Hagen McClelland

There aren't a whole lot of active Scientologists currently crashing, and the fact of the matter is that Hagen is somewhat on the outs with the rest of the community these days … especially since he escaped Rehabilitation Project Force, attempted to start his own paramilitary wing in Florida, and was sued by his former church for misappropriation of Scientology/Dianetics copyrights and trademarks in 1998. Still, Hagen will be the first to inform you that he's a fully-activated member of SeaOrg: he signed a billion-year contract to protect the pariah prison-planet of Teegeeack (what we call "earth") from all harm, including heretics and Invader Forces, and for the next 999,999,990-odd years, his soul is "Revenimus" - he will come back.

Hagen's mission is clear: infiltrate the electronic mountain trap where the deposed Lord Xemu was imprisoned by the Loyal Officers of the Galactic Confederacy about 75 million years ago, bring the tyrant out safely, and force the humiliated despot to publicly account for his actions regarding body thetans, especially the ones that make Hagen' masturbate to thoughts of his sister being raped.
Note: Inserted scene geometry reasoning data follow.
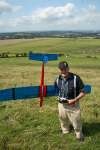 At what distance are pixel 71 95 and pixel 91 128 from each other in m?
1.50

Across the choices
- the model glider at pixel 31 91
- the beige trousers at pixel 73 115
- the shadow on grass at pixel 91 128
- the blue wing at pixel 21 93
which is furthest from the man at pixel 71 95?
the model glider at pixel 31 91

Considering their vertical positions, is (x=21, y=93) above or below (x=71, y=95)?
below

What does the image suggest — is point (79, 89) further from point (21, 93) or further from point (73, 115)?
point (21, 93)

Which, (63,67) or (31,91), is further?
(31,91)

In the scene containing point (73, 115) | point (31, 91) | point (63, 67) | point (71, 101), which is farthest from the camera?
point (31, 91)

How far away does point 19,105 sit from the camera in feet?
40.2

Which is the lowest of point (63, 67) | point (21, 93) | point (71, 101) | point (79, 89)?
point (21, 93)

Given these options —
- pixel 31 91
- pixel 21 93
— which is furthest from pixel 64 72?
pixel 31 91

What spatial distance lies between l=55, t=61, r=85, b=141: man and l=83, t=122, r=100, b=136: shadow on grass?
521 mm

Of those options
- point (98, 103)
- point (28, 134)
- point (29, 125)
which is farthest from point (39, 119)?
point (98, 103)

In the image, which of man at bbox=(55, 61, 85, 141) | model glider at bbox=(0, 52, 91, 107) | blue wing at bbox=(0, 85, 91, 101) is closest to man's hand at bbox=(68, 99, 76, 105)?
man at bbox=(55, 61, 85, 141)

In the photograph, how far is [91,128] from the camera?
9242 mm

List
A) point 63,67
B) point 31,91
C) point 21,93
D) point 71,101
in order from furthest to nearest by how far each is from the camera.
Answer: point 31,91 → point 21,93 → point 71,101 → point 63,67

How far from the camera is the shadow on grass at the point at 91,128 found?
8.83m
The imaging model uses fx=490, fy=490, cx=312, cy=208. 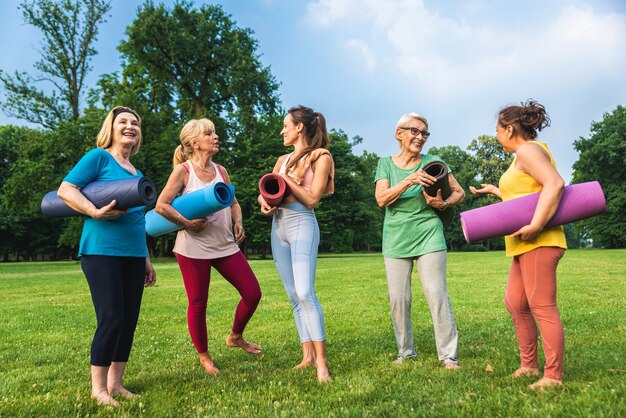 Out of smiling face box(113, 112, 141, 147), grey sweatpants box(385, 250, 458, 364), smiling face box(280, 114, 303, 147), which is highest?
smiling face box(280, 114, 303, 147)

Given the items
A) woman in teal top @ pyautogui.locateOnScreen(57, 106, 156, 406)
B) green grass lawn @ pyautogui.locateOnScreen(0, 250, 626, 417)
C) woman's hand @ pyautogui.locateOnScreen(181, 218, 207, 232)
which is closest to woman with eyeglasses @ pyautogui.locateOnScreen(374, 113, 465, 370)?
green grass lawn @ pyautogui.locateOnScreen(0, 250, 626, 417)

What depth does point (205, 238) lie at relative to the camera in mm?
5230

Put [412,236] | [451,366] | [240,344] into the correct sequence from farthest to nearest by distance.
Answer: [240,344] < [412,236] < [451,366]

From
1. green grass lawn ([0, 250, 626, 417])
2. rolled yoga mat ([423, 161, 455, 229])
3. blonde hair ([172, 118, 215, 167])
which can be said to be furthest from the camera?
blonde hair ([172, 118, 215, 167])

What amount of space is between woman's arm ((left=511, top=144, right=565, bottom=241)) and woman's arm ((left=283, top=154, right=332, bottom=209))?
1.83m

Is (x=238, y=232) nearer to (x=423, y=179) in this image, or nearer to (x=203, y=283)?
(x=203, y=283)

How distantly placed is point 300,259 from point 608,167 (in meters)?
59.3

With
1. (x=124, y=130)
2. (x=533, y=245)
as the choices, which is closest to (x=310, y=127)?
(x=124, y=130)

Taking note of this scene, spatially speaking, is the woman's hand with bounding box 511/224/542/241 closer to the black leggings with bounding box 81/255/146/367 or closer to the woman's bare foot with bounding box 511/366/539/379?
the woman's bare foot with bounding box 511/366/539/379

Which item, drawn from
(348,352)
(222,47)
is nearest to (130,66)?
(222,47)

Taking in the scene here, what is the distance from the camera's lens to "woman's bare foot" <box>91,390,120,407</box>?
3957mm

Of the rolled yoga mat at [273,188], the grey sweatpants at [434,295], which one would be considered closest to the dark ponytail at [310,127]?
the rolled yoga mat at [273,188]

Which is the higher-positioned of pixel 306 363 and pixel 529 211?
pixel 529 211

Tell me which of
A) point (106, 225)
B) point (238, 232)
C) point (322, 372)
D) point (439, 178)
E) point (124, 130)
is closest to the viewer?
point (106, 225) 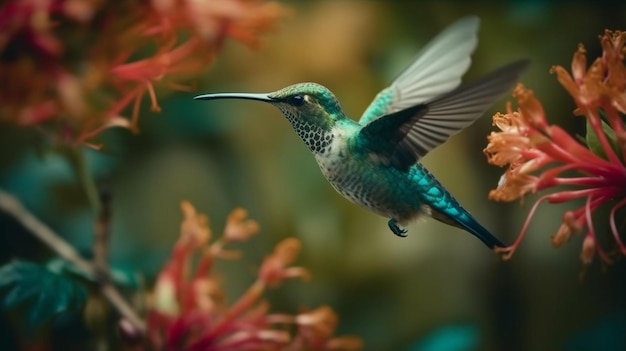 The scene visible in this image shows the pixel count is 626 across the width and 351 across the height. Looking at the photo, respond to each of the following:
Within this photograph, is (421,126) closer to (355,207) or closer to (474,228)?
(474,228)

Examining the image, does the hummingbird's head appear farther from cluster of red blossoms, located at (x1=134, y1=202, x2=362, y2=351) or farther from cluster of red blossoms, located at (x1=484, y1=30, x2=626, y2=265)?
cluster of red blossoms, located at (x1=134, y1=202, x2=362, y2=351)

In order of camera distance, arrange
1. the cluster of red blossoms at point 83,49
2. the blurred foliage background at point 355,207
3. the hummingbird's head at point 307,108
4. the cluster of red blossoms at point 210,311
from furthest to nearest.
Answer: the blurred foliage background at point 355,207, the cluster of red blossoms at point 210,311, the cluster of red blossoms at point 83,49, the hummingbird's head at point 307,108

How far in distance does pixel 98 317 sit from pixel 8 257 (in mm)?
269

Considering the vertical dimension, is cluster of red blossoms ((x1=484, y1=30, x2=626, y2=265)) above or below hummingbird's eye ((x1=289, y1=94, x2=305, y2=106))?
below

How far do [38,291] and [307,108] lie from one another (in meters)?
0.32

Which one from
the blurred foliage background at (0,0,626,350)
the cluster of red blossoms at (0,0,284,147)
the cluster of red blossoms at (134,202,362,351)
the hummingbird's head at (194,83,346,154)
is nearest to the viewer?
the hummingbird's head at (194,83,346,154)

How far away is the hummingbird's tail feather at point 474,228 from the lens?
36 cm

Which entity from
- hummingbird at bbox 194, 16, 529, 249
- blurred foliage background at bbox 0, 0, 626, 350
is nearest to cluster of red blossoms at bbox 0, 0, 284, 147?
hummingbird at bbox 194, 16, 529, 249

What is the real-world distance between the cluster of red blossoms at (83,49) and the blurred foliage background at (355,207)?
401mm

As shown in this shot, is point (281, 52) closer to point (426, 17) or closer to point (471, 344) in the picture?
point (426, 17)

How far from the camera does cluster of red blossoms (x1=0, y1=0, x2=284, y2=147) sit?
0.54 metres

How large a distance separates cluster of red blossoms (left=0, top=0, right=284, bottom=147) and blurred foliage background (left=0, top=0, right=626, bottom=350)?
40 cm

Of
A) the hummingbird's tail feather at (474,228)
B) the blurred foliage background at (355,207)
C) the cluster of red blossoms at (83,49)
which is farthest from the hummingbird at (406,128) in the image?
the blurred foliage background at (355,207)

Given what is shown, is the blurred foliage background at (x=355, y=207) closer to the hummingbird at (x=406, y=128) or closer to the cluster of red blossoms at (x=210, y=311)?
the cluster of red blossoms at (x=210, y=311) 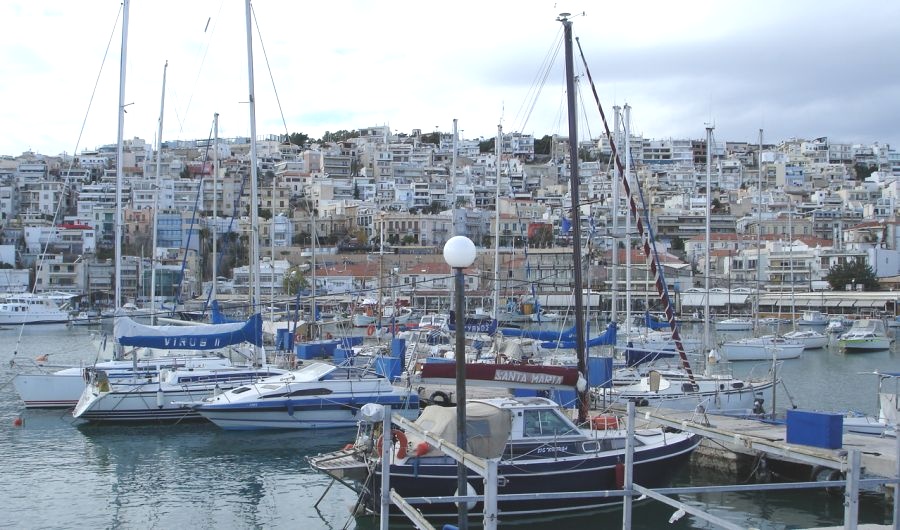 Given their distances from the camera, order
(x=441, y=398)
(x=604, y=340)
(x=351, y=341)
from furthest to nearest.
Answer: (x=351, y=341)
(x=604, y=340)
(x=441, y=398)

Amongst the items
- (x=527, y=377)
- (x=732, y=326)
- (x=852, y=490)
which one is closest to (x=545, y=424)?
(x=527, y=377)

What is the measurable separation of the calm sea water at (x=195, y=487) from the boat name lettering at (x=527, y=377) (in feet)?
7.71

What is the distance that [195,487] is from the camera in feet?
61.1

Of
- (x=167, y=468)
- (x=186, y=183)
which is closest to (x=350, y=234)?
(x=186, y=183)

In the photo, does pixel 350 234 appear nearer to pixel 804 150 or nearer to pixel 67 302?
pixel 67 302

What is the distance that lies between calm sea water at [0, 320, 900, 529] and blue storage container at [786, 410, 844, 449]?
4.03m

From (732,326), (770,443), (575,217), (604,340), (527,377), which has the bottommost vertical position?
(732,326)

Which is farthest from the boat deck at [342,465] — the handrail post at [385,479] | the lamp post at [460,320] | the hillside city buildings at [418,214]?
the hillside city buildings at [418,214]

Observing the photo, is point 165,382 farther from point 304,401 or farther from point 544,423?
point 544,423

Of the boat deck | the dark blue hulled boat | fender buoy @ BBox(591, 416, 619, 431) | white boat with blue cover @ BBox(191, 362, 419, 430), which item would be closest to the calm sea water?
white boat with blue cover @ BBox(191, 362, 419, 430)

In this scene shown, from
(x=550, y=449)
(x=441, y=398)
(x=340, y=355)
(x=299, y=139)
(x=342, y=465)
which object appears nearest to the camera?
(x=342, y=465)

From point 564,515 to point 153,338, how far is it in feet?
47.0

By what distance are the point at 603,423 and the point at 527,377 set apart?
166 cm

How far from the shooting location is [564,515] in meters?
15.8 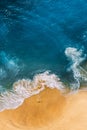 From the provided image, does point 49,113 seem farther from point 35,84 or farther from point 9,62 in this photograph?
point 9,62

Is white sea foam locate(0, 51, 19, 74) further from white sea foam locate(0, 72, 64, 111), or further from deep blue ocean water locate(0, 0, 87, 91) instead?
white sea foam locate(0, 72, 64, 111)

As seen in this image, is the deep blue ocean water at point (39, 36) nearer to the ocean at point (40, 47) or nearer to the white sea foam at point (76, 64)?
the ocean at point (40, 47)

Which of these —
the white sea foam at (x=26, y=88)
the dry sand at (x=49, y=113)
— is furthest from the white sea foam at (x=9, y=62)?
the dry sand at (x=49, y=113)

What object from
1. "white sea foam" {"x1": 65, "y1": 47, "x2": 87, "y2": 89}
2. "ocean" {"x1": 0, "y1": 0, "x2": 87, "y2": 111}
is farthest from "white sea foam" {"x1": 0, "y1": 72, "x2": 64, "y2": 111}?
"white sea foam" {"x1": 65, "y1": 47, "x2": 87, "y2": 89}

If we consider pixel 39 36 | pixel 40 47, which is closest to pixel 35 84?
pixel 40 47

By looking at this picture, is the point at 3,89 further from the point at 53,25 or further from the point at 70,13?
the point at 70,13

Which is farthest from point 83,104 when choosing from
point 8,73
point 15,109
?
point 8,73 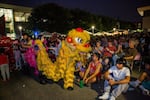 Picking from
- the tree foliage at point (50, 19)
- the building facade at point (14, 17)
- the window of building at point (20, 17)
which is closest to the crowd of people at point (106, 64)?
the tree foliage at point (50, 19)

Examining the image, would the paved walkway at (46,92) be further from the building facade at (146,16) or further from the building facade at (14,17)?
the building facade at (14,17)

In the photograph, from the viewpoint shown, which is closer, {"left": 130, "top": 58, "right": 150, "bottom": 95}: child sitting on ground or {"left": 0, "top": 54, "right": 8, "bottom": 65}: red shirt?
{"left": 130, "top": 58, "right": 150, "bottom": 95}: child sitting on ground

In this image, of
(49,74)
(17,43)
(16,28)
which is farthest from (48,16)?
(49,74)

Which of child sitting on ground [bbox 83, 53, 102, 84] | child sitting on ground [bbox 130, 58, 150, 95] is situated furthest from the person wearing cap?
child sitting on ground [bbox 83, 53, 102, 84]

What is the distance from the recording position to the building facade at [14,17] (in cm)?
3831

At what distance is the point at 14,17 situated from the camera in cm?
4084

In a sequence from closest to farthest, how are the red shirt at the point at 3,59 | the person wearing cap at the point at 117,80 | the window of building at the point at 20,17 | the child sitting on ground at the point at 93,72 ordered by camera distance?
the person wearing cap at the point at 117,80, the child sitting on ground at the point at 93,72, the red shirt at the point at 3,59, the window of building at the point at 20,17

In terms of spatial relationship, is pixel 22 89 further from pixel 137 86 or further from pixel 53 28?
pixel 53 28

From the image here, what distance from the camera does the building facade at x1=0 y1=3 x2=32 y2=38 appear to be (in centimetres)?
3831

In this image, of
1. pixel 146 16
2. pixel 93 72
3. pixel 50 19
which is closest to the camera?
pixel 93 72

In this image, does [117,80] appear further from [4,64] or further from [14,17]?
[14,17]

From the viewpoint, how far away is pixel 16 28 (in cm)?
4122

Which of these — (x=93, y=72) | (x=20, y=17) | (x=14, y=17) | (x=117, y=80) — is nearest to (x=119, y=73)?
(x=117, y=80)

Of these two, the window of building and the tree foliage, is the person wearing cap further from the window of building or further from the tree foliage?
the window of building
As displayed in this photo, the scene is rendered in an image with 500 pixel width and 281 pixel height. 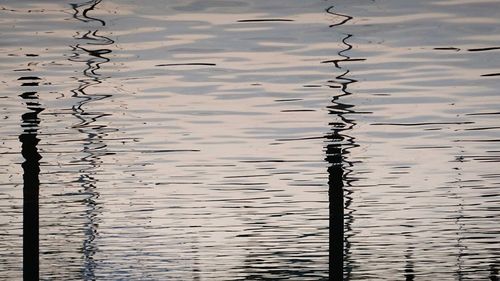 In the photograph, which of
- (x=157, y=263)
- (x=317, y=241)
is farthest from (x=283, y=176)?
(x=157, y=263)

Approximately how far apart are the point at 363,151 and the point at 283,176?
154cm

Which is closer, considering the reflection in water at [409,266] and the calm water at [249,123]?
the calm water at [249,123]

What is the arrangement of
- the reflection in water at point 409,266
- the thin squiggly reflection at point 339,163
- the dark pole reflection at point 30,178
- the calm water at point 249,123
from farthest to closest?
the reflection in water at point 409,266, the dark pole reflection at point 30,178, the thin squiggly reflection at point 339,163, the calm water at point 249,123

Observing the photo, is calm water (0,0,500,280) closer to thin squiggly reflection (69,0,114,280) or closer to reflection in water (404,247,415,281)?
thin squiggly reflection (69,0,114,280)

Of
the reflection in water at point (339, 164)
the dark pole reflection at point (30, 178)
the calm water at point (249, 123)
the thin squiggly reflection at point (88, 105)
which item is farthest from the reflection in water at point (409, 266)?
the dark pole reflection at point (30, 178)

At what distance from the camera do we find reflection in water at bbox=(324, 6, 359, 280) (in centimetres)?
726

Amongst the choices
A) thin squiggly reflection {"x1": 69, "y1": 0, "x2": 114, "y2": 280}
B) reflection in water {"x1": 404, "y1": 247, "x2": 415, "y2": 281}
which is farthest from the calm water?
reflection in water {"x1": 404, "y1": 247, "x2": 415, "y2": 281}

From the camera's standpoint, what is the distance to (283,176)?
1073 centimetres

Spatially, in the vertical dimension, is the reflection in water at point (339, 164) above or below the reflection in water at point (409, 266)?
above

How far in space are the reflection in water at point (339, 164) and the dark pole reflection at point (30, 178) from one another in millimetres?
2674

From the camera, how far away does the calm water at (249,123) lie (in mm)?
6066

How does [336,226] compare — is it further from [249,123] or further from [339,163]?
[249,123]

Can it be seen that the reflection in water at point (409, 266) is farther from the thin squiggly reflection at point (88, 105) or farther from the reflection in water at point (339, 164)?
the thin squiggly reflection at point (88, 105)

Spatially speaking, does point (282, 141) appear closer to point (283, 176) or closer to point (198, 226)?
point (283, 176) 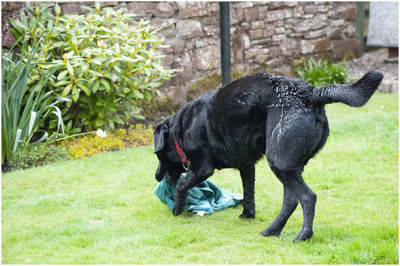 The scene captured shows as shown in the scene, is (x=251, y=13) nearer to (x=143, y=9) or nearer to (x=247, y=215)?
(x=143, y=9)

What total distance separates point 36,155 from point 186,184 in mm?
2615

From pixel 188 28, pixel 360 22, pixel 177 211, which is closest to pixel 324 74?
pixel 360 22

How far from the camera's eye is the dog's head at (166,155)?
4.43m

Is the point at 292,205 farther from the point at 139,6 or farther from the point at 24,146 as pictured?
the point at 139,6

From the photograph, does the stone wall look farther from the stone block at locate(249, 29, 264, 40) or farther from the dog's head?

To this end, Hagen has stockpiled a lot of weapons using a lot of stolen money. Also, he was allegedly bitten by something nasty & centipede-like in the deeps of Oubliette a few years back, and now he can run high-level geometry and multiply eight-digit primes in his head. He has to be bleeding, urinating or crying while he does this, but it's still pretty impressive. Anyway, this has given Hagen's plans some very complex mathematical elements lately, blended with some very odd and disjointed numerology - because he still can't add worth a fuck, sadly.

With a personal cosmology situated somewhere between "excessively convoluted yet functional" and "bat-shit, suicidal nuts" and a head full of tactics apparently based on old episodes of the A*Team, the best place to track down Hagen when he's not wrapped up in plans or running missions Down Below is in a sex-club, watching bound brunettes engage in power-play. Whatever current project is on Ensign McClelland's plate, we can presume that the end goal is finding the cell which holds Xemu, springing the bastard, and then marching the fucker at gunpoint to some sort of cosmic Nuremberg Trial.

But the fact of the matter is that Hagen is pretty good at heists, both above and Below, including armored cars. And that makes him valuable to Cheneys.